Get More Twitter Geodata From Gnip With Our New Profile Geo Enrichment

Twitter Map - Giant Fans in the US Tweeting from the Stadium

When it comes to analyzing social data, “where” matters. After the topics of conversations, perhaps the strongest connection between social conversations online and the offline world is location. Location is an implicit part of what we do, who we know, what we need, etc. For years now at Gnip, the most requested feature for our existing data products has been “more geodata” to help our customers understand the offline locations that are relevant to online conversations. Today we’re pleased to announce a major step toward meeting that demand: the public beta launch of our new Profile Geo enrichment.

The Profile Geo enrichment is simple. Location data is provided publicly by millions of users in their profiles on social networks, but it’s rarely delivered in a normalized format with consistent latitude/longitude coordinates that are necessary for software to ingest the data and make use of it. The Profile Geo enrichment from Gnip normalizes this data to common geographies (for instance, “NYC,” “Manhattan,” etc. all map to “New York City, NY, US”) and provides latitude/longitude coordinates for those places so it’s easy to plot social data on a map.

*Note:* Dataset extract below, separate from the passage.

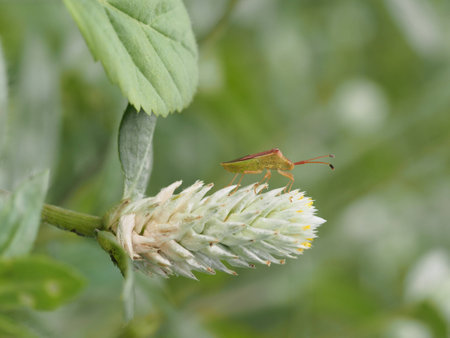 insects in springの写真素材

Our customers are hungry to analyze Twitter through a geographic lens. As a brand, it can be great to know that people are talking about my brand and products online, but few things make those conversations more actionable than knowing where those conversations are taking place. Do we need to change our marketing campaign in a region? Focus on improving customer service? As government or civil society organizations responding to crises, location is the key to identifying need in an actionable way and then deploying resources effectively. It may be obvious we need clean water and blankets, but where is the most important place to send them?

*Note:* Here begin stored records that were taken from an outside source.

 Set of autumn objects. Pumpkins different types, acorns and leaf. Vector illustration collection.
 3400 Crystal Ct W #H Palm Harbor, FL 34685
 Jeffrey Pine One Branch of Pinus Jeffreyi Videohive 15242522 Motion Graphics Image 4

For this new enrichment, we started with Twitter because it offers the biggest initial gain for our customers. While less than 2% of Tweets in the Twitter Firehose contain latitude/longitude coordinates for Twitter’s “geotagged” Tweets, more than half of all Tweets contain a profile location value from a user. And while just 1% of users generate approximately two-thirds of all geotagged Tweets (according to this helpful paper from our friend Kalev Leetaru and his colleagues), profile location data is much more evenly distributed. In that way, looking at profile location data “democratizes” the data that appear when mapping Twitter content – our customers can now hear from the whole world of Twitter users and not just this 1%.

This new premium enrichment from Gnip provides several key benefits for social data analysis. First, it increases the amount of usable Twitter geodata available for analysis by more than 15x for Twitter. Second, it adds a new kind of Twitter geodata from what may be natively available from social sources. It’s important to think about the three different types of location that exist in social media to understand this benefit.

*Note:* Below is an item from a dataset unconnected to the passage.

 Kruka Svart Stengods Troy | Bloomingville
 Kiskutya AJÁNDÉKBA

  • Activity Location: Where the activity (Tweet, Check-in, etc.) directly came from, via GPS signal on a user’s device or association with a known venue location. This is the kind of location that provides latitude/longitude natively in Twitter’s or Foursquare’s firehoses.

  • Profile Location: The place the user provides as their location in their profile. They may or may not be there when posting to a social network.

  • Mentioned Locations: Places the user talks about in a post or check-in. These places may not have anything to do with where the person lives or where the person is when posting, e.g. “I can’t wait for Gnip to open its new office in the Maldives.” (The Maldives in this case might as well be a fictitious place considering the likelihood that will happen.)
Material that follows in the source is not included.